The agency is working with an information technology vendor “to identify the root cause of the outage,” Buchanan said in an email.

It was not the first instance of such a network failure — more isolated outages occur as often as once a month, Herzmann said — but was perhaps the most consequential in recent memory.

Meteorologists around the Midwest were without key information that would normally be at their fingertips, and many severe-weather warnings went out to the public late, if at all.

“There are little outages all the time,” Herzmann said. “Typically they don’t have this large of a blast radius, let’s say. This was a big one.”

At times, the issues led to duplicative and delayed warnings. For example, the Weather Service’s St. Louis office was unable to issue two tornado warnings early Tuesday, so the Kansas City office issued them instead; when the St. Louis office’s systems came back online, the warnings went out again, Herzmann said.

It also led to confusion for broadcast meteorologists who were seeking up-to-date information for their audiences as severe weather moved through.

Jacob Dickey, a meteorologist with WCIA in Illinois, said on X early Tuesday that he was receiving hand-drawn maps of tornado warning areas from the Weather Service’s St. Louis office, as it was unable to send out the warnings electronically.
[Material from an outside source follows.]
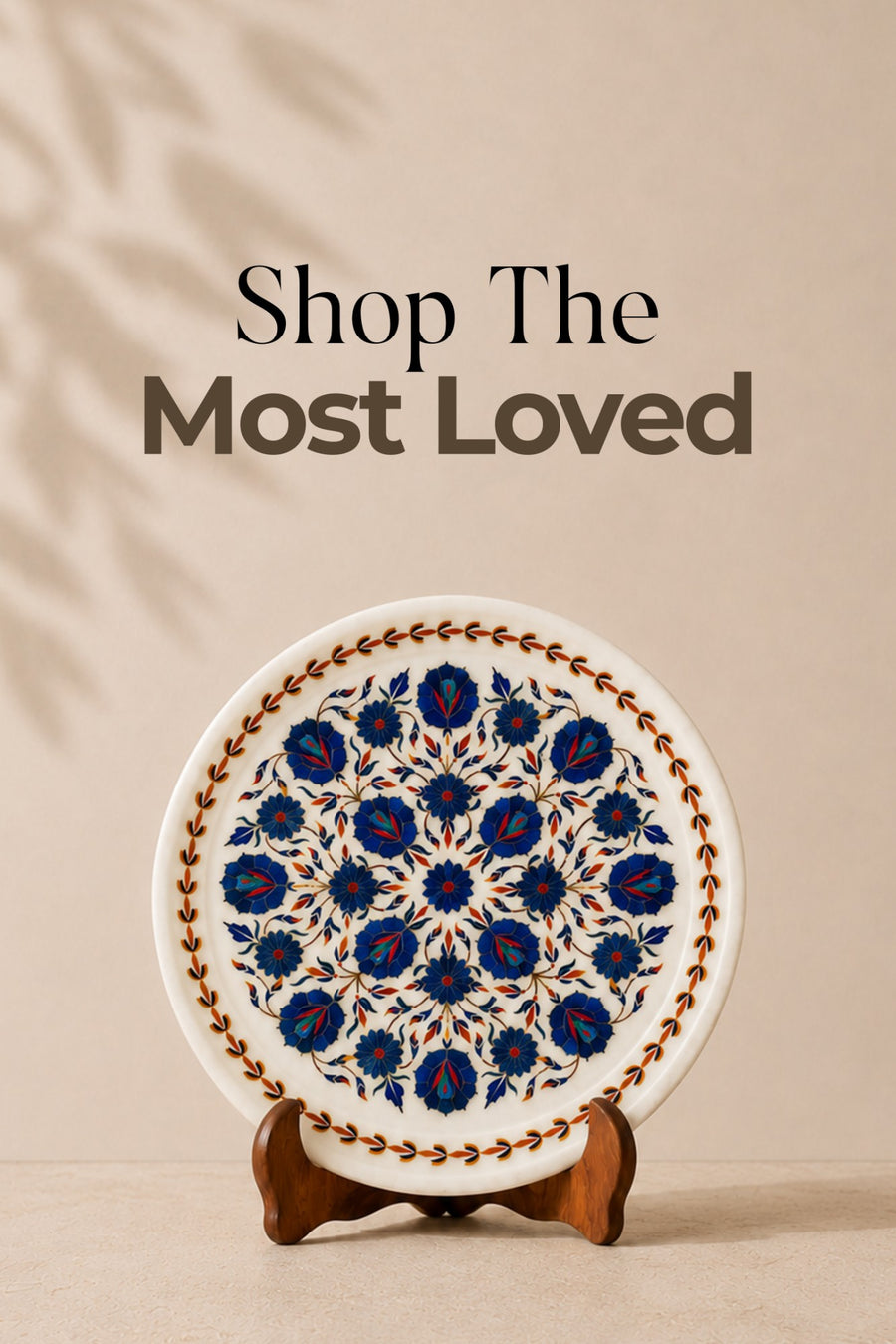Shop The Most Loved: a white marble plate with blue lapis floral inlay on a wooden stand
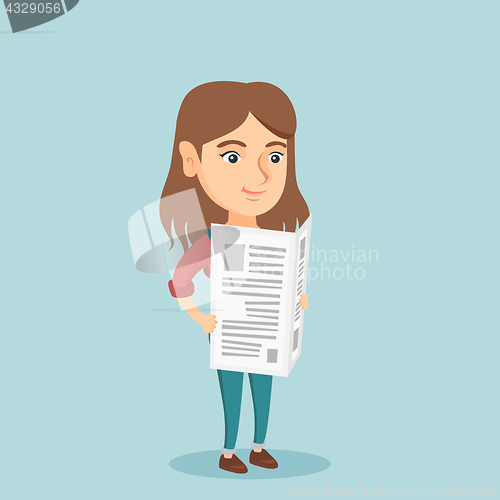 Image of Young caucasian woman reading a newspaper.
“Clear data issues happening with NWS right now,” he wrote.

Other major outages have occurred in recent years, including in 2021, when its websites crashed and data became inaccessible. Meanwhile, even when radar systems are operational, gaps in radar coverage leave millions of people vulnerable to missed severe weather warnings.

Ken Graham, the Weather Service’s director since June 2022, has said addressing crumbling data infrastructure is a top priority.